Subhra and Amantha have been recognised for their contribution to climate change reporting in their respective country, India and Sri Lanka. They were selected from a group of around 50 leading journalists from Bangladesh, Bhutan, India, Nepal, Pakistan and Sri Lanka who have been participating in a fellowship programme organised by Panos South Asia and supported by CDKN since 2012.
A panel of experts selected Subhra and Amantha on the basis of reports filed as part of the fellowship programme which have put new issues on the agenda of decision-makers and helped make visible the challenge of climate compatible development in their respective country.
Amantha Perera is a writer and a multi-media journalist based in Colombo, Sri Lanka. His work regularly appears in TIME, Reuters/AlertNet, Inter Press News Service – IPS, and Integrated Regional Information Network – IRIN. He concentrates on coverage on Sri Lanka’s post-conflict situation, humanitarian aid, human rights, climate change and impact on the region and adaptation measures. He has worked extensively in the region and reported from the US, Brazil, India, South Korea, Thailand, Indonesia and Nepal.
He was an international visiting scholar at the Graduate School of Journalism, University of California, Berkeley, California in 2003/04. He was also part of a team that was awarded the 2012 Prince Albert/United Nations Global Prize for Climate Change Reporting awarded to IPS for its coverage of the Rio+20 Conference. He began his journalism at the Sri Lankan weekly The Sunday Leader in 1998. Twitter: @AmanthaP
Read the reports which Amantha completed for the fellowship here. Some of the highlights include a story on the need for real-time sharing of weather data within the region, and a report on the connections between the economic downturn and planning for disasters.

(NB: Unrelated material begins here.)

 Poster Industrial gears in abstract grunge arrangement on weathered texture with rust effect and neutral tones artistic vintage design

Subhra Priyadarshini is an award winning science journalist and currently Editor of Nature India, the Nature Publishing Group’s (NPG) India operation. She was a deadline-chasing journalist covering politics and sports, fashion and films, crime and natural disasters in mainstream Indian media for over a dozen years. She finally chose to come back to her first love – science – in 2007 launching Nature India. Subhra has been a correspondent with major Indian dailies The Times of India, The Indian Express, The Asian Age, The Telegraph, news agency Press Trust of India (PTI) and environment fortnightly Down To Earth. She worked briefly for the Observer, London.

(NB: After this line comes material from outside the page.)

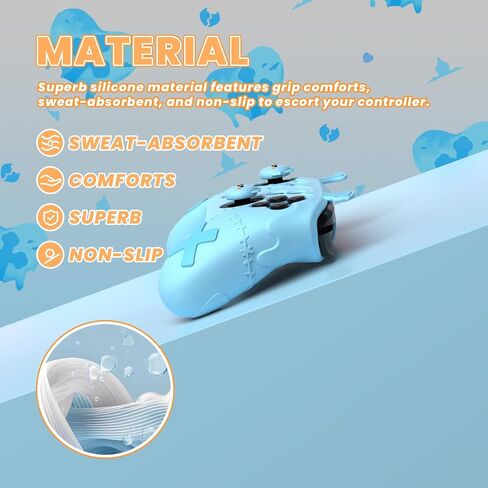 PlayVital Gothic Imp Series Cute Silicone Case for Nintendo Switch Pro Controller with 4 Thumb Grip & 2 Sticker, Non-Slip Anti-Scratch Protective Silicone Skin Cover - Aqua Blue in Kuwait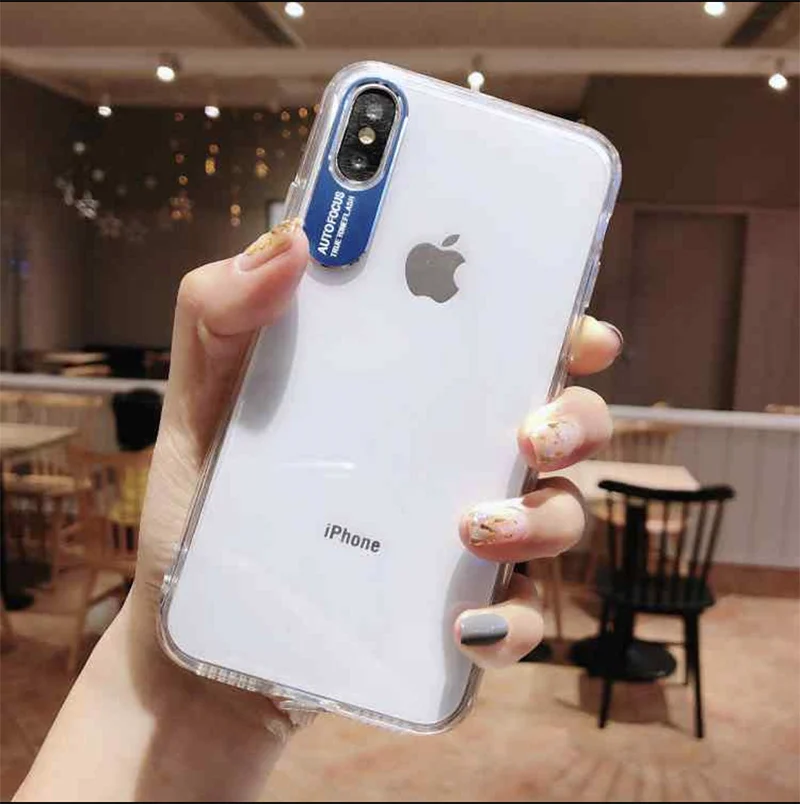Акриловые ТПУ прозрачные чехлы для iPhone X XS Max XR прозрачный силиконовый Полный Чехол для iPhone 6 6s 7 8 Plus X противоударный чехол для телефона - Цвет: Blue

Subhra received the BBC World Service Trust award for her coverage of the ‘vanishing islands of Sunderbans’ in the Bay of Bengal in 2006. She received letters of commendation from the PTI for her coverage of the Orissa super cyclone in 1999 and the Indian Ocean tsunami in 2004. She is a regular contributor to BBC Radio’s Hindi science programme ‘Vigyan aur Vikas’ (Science and Development) and taught science communication at University of Calcutta.

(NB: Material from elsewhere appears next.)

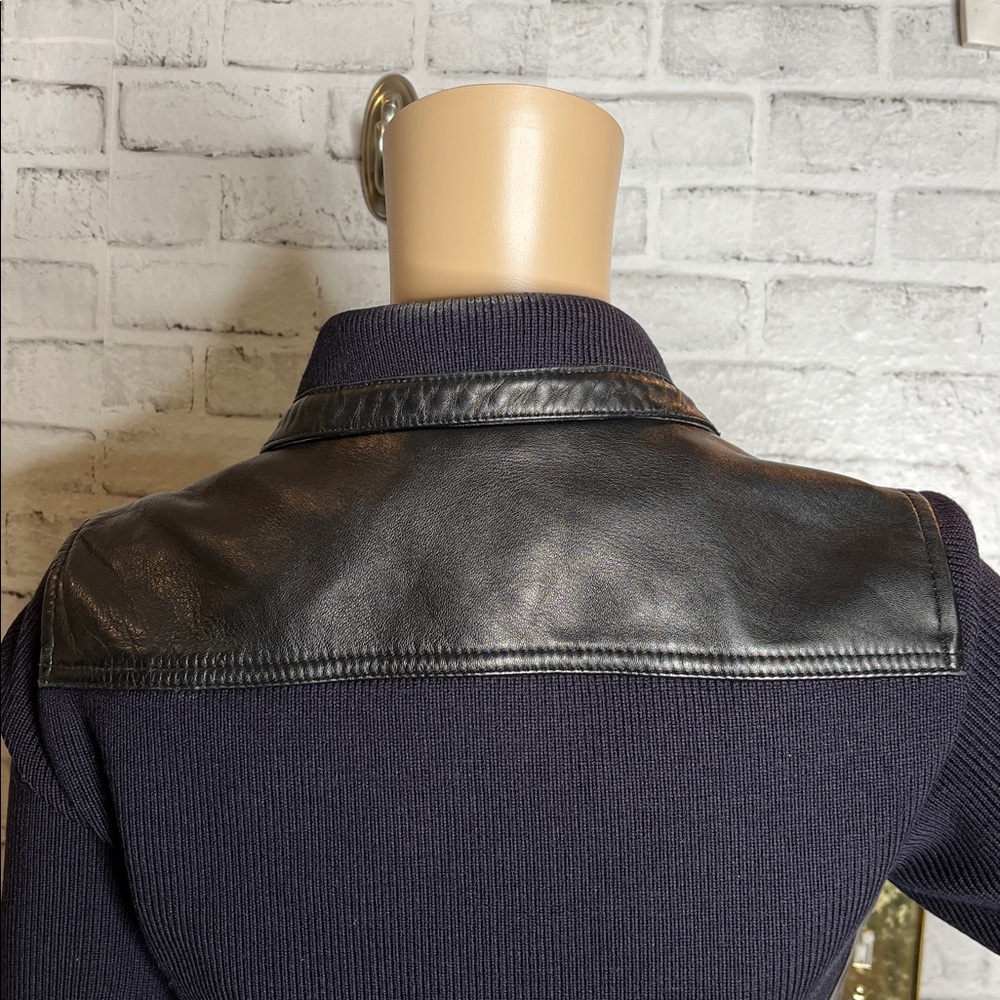 3.1 Phillip Lim black leather sweater jacket - Picture 6 of 9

Read the reports which Subhra completed for the fellowship here. Some of the highlights include a story about the high risk of flooding in peninsular India and the need for a South Asia charter for water, as well as a report from the fragile delta in the Bay of Bengal which found that it is not just climate change that threatens the existence of this world heritage mangrove tiger-land spread across the Indo-Bangladesh border
Visit the fellowship blog to read the excellent reports from other fellows and learn more about the programme.
The awards were presented at the opening ceremony of the 7th CMS Vatavarn (environmental) film festival and forum.